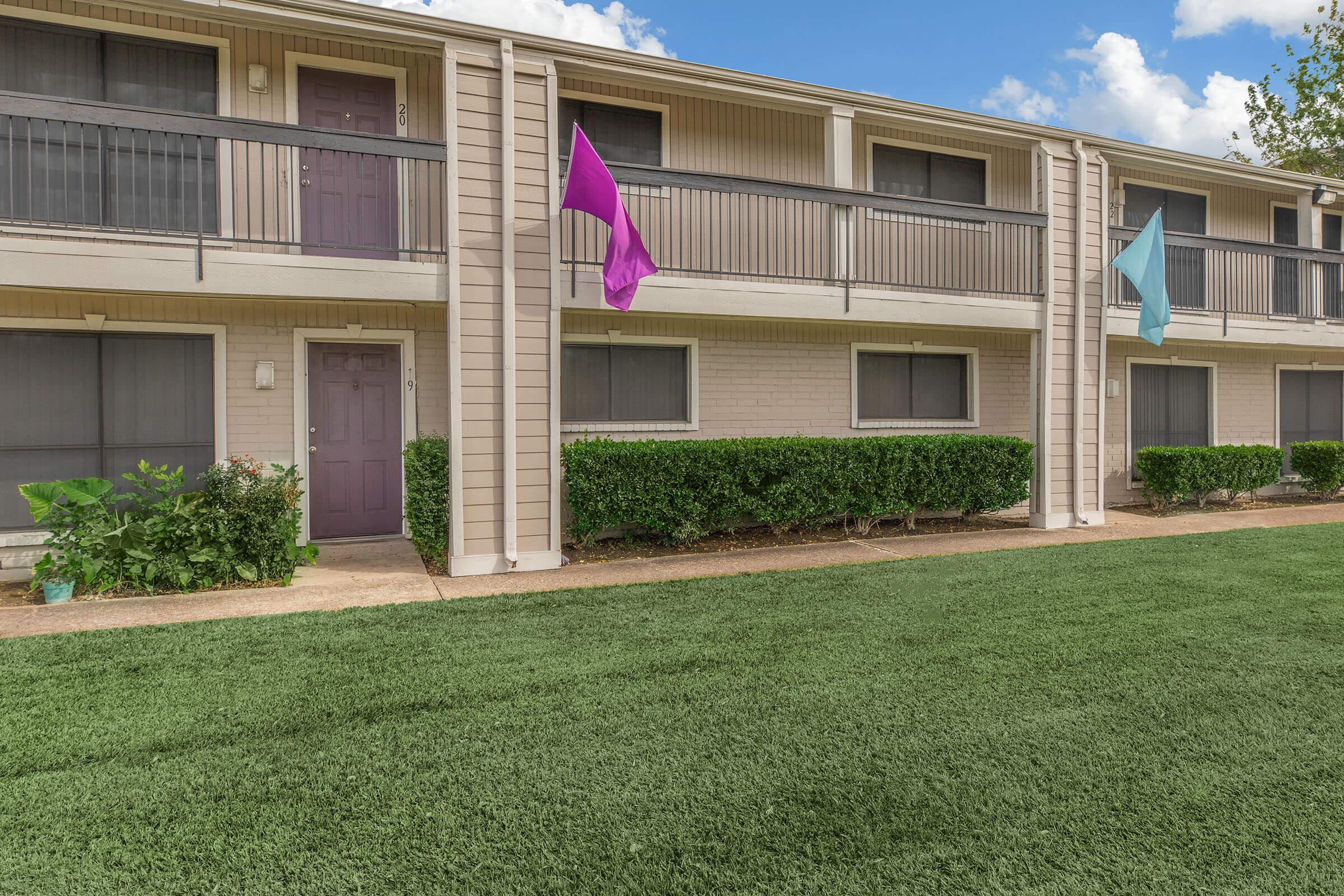 a girl flying a kite in front of a building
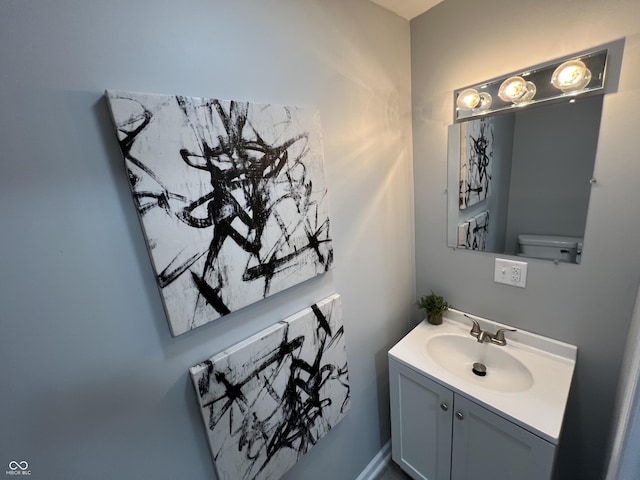 937 N Routiers Ave, Indianapolis, IN 46219 - bathroom with vanity and toilet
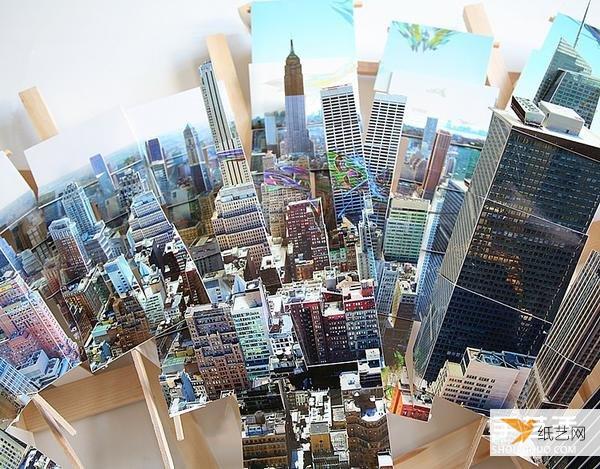 Three-dimensional city paper sculpture art: splicing multiple photos into a panoramic picture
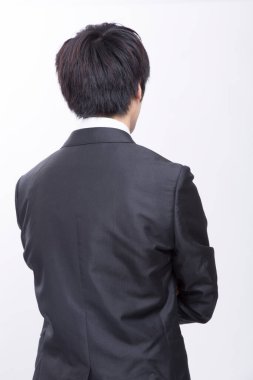 Takım elbiseli iş adamı. Arkadan bakıyor, iş adamının dikiz aynasından bakıyor.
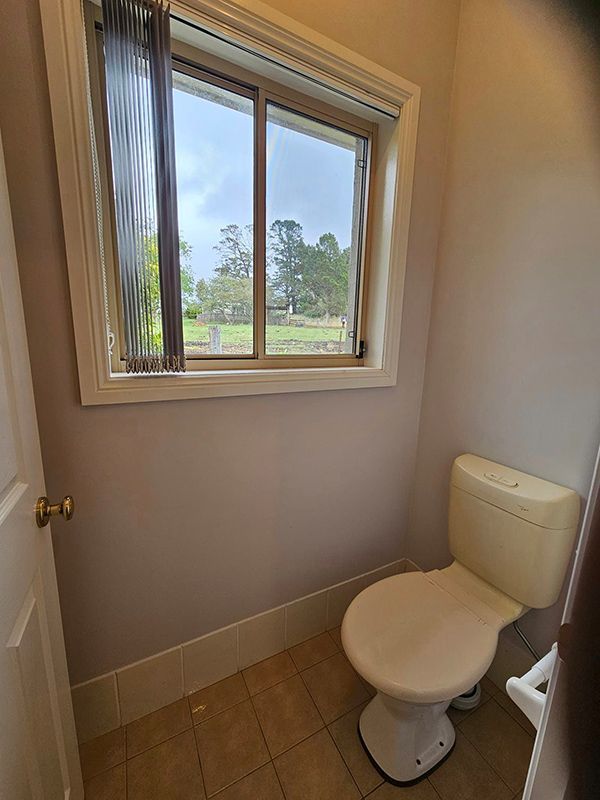 Small Washroom with Toilet Seat and Bowl Lid Closed — A Perfect Move And Clean In Mittagong NSW
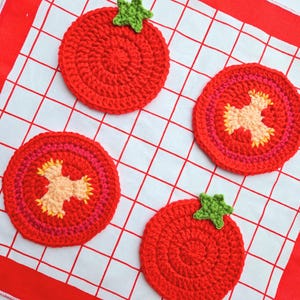 Peut inclure: Quatre dessous de verre en crochet en forme de tomates. Les dessous de verre sont rouges avec des dessus verts, et certains ont un design en coupe transversale avec des détails roses, jaunes et pêche. Ils reposent sur un tissu à carreaux blanc et rouge.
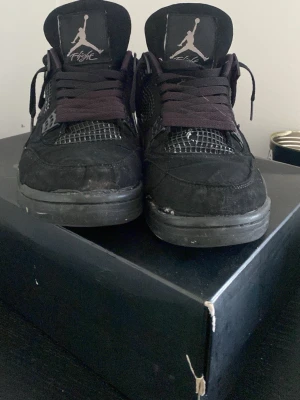 Svarta Air Jordan 4 sneakers - Säljer ett par svarta Air Jordan 4 sneakers med meshdetaljer och Jumpman-logga på plösen och sulan. Skorna har svarta skosnören och en robust sula med tydligt mönster. Materialet är en mix av mocka och textil, vilket ger en klassisk streetwear-look.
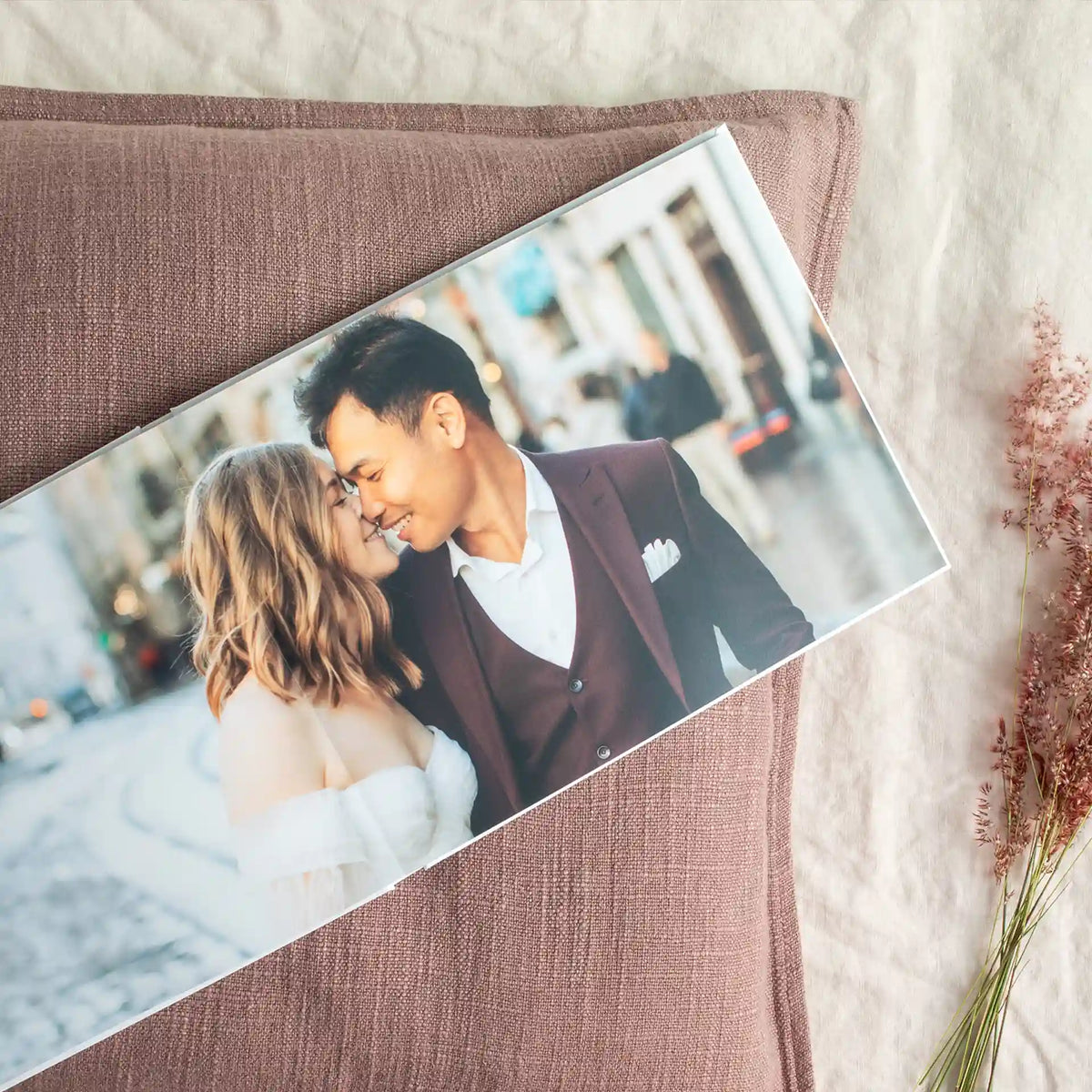 Layflat photo book open to a panoramic engagement photo of a wedding couple kissing on a city street, resting on a linen-covered cushion.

====

Starting at the line with "Takım elbiseli iş" and finishing at the line with "Small Washroom with", copy the material above exactly, both lines included. Nothing else goes in, and no pictures.

 Takım elbiseli iş adamı. Arkadan bakıyor, iş adamının dikiz aynasından bakıyor.
 Small Washroom with Toilet Seat and Bowl Lid Closed — A Perfect Move And Clean In Mittagong NSW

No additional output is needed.